Teamwork needed to maximize aid effort
Teamwork needed to maximize aid effort
Martin Abbugao, Agence France-Presse/Singapore
Close coordination, strict accountability and sustained focus are
needed to maximize the benefits of billions of dollars in aid for
Asia's tsunami victims, relief experts and government leaders
said.
As donors prepare to meet in Geneva on Tuesday to round up
more pledges, calls are mounting to make sure the nearly US$5
billion in promised aid so far will filter down to poor villagers
and townsfolk who need it most.
And while the magnitude of the Dec. 26 devastation is
overwhelming, aid agencies are vowing to avoid repeating past
mistakes in which aid was entangled in messy bureaucracies and
pledges remained unfulfilled.
"A critical challenge will be coordination between governments
and donors, between governments and the UN and between aid
agencies and non-government organizations," said James Ensor,
public policy director of global humanitarian agency Oxfam.
"This will minimize duplication of efforts and ensure that aid
will be distributed as efficiently as possible," he told AFP.

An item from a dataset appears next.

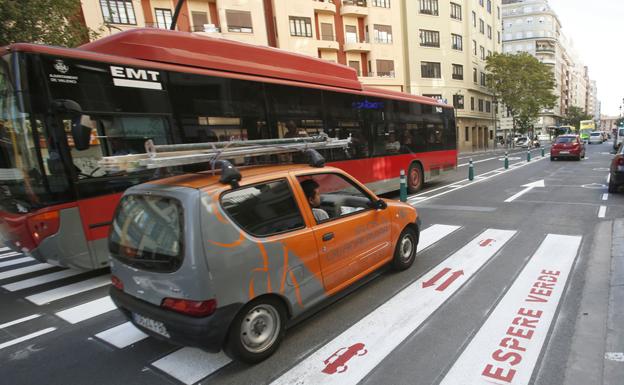 Un nuevo atropello en la avenida del Oeste de Valencia reaviva las críticas vecinales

With the United Nations taking the lead in the relief efforts,
Singapore Prime Minister Lee Hsien Loong called on UN Secretary
General Kofi Annan to appoint a "special representative" whose
main responsibility is to coordinate the global response.

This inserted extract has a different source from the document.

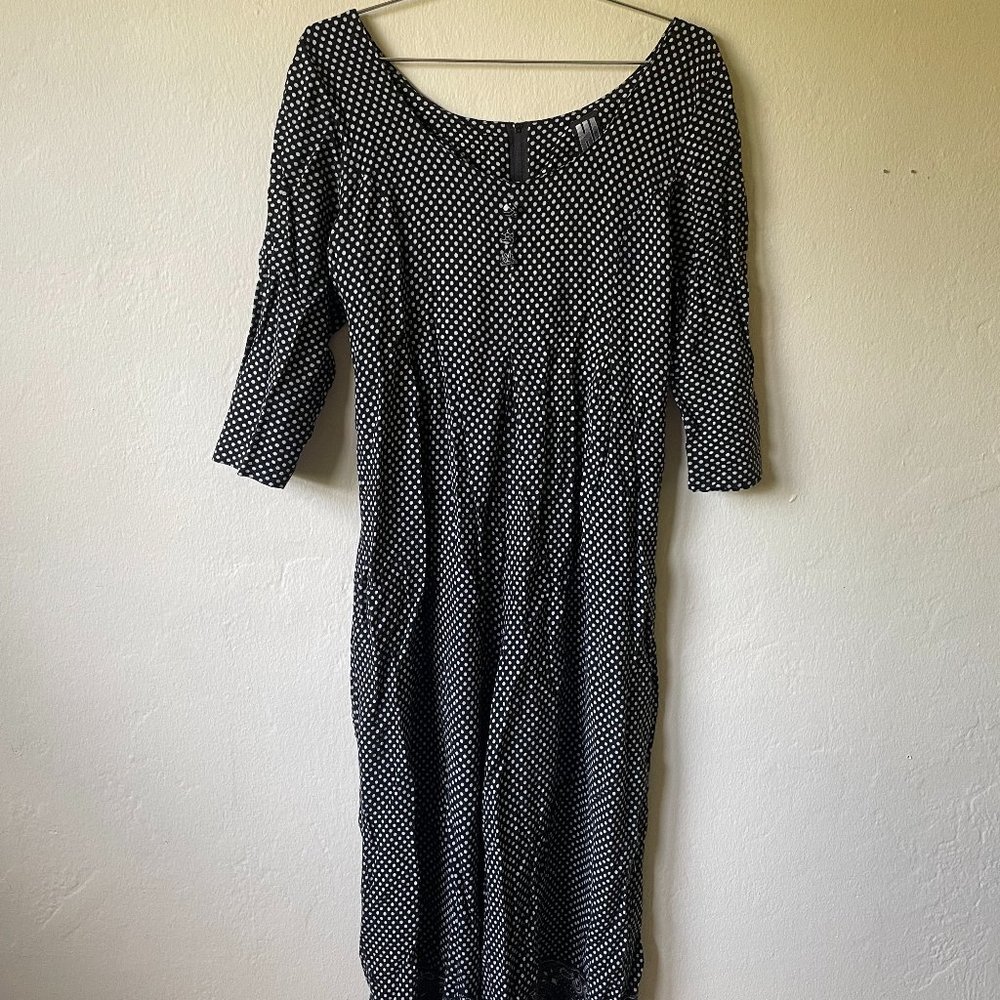 ***VINTAGE 1980's Black and White Polka Dot Jumper***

But more importantly, the representative should be able to
keep the global spotlight and political will focused on the
reconstruction despite the emergence of fresh headline-grabbing
news in the future, Lee said.
Sadly, relief experts admit that corruption could get in the
way of efficient aid delivery.
"The reputation of some of the tsunami-hit countries on
corruption and bureaucratic red tape needs a lot of improvement,"
said an expert from a global relief agency.

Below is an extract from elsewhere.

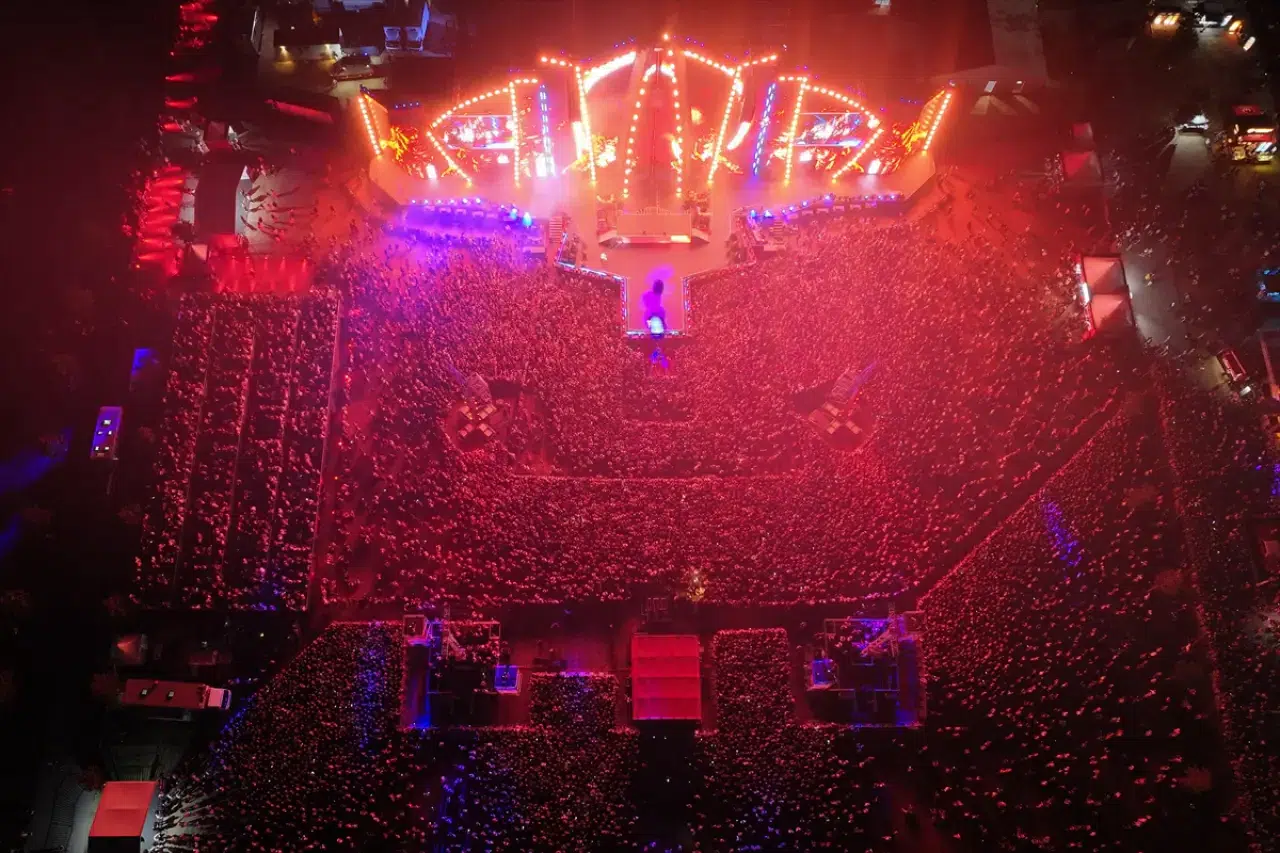 Jennifer Lopez 6 yıl aradan sonra İstanbul’da sahne aldı 4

The expert, who did not want to be named, said reconstruction
efforts are often prone to corruption because of the large sums
involved in rebuilding roads, bridges, ports and power stations.
As attention shifts from emergency aid to the reconstruction
phase, more safeguards must be put in place, he said.
Oxfam and the Asian Development Bank (ADB) are calling for
accountability in the disbursement of aid, as well as pressure on
donors to live up to pledges.
"Our experience of past emergencies is that there are two
major dangers in aid commitments," Oxfam said in a paper on the
post-tsunami relief efforts.
"Either the emergency becomes a two-week wonder... or the
emergency becomes the 'sweetheart crisis' for the year, and aid
is diverted from other less visible crises," it said.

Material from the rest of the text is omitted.